Like all three-year-olds, she is still adding to her mastery of the English language and she is doing it very well.
She works from the known to the unknown. That’s how learning takes place for all of us. In other words, what she has already mastered in the use of language she tries to apply in new situations.
Here’s a case in point. Recently she was with her grandmother in a summer camp dining hall where she was having the first experience of carrying her own tray.
Already at three years of age she had apparently discovered that when you want to reverse a situation you may use the prefix “un.” For example when you get up in the morning you dress, but when you go to bed at night you un-dress. Doors that are locked may be un-locked and shoes that are tied must be un-tied.

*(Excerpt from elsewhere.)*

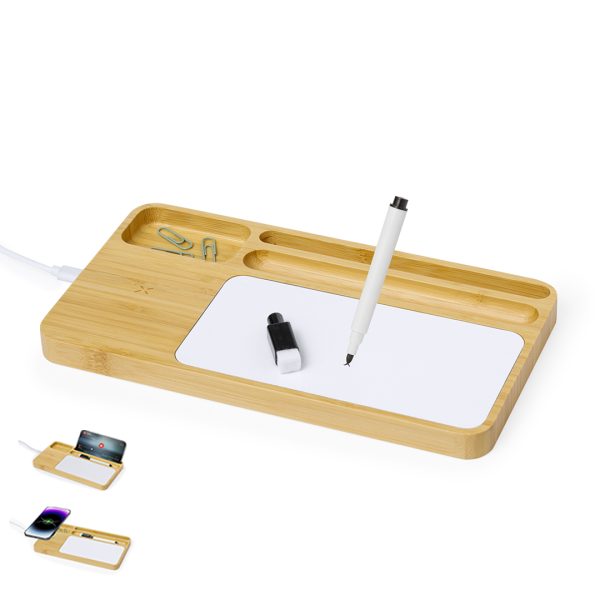 Carregador Organizador Lautrec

Rebekah is very daring in applying this “rule.” While carrying her own tray across the dining hall she suddenly signaled for her grandmother’s help. She said, “I want you to hold my tray while I un-itch my nose.” A few moments later she needed help again while she un-itched her arm.
It wasn’t right but it was beautiful. It deserved three cheers. Three short years ago she could communicate only by crying. Now she is on her way to making the subtlest thoughts clear by delivering them in words with prefixes and suffixes and tenses and voices.
She has no idea what words like prefix or suffix mean. Words like grammar and language are unknown to her. Perhaps at some time in the future a gifted teacher will take her into these territories.
For now, Rebekah’s growing mastery appears to be innate, even though shaped to some extent by the way language is used around her. But, essentially she is exercising the beautiful gift of humanness.
Will the day come when she will corrupt this gift by the overuse or misuse of words such as “like?” “Like” will she, “like” take up, “like” the patterns of speech that she hears all around her?
It remains to be seen. But recently as a great grandfather I thought about what I would do if I were a father of little ones again and I saw that very corruption of speech developing in a child. I wouldn’t scold or chide.
I would get a small jar and put five dollars worth of quarters into it. Then I would explain to the child that this money is theirs, but every time they are caught putting the word “like” in a sentence where it doesn’t belong, I would ask them to surrender a quarter. I might even “accidentally” let them catch me slipping myself and contribute some money to the jar just to make the game fun.
My point would be simple. Why let a child learn something with regard to this marvelous gift of speech only later to have to un-learn it?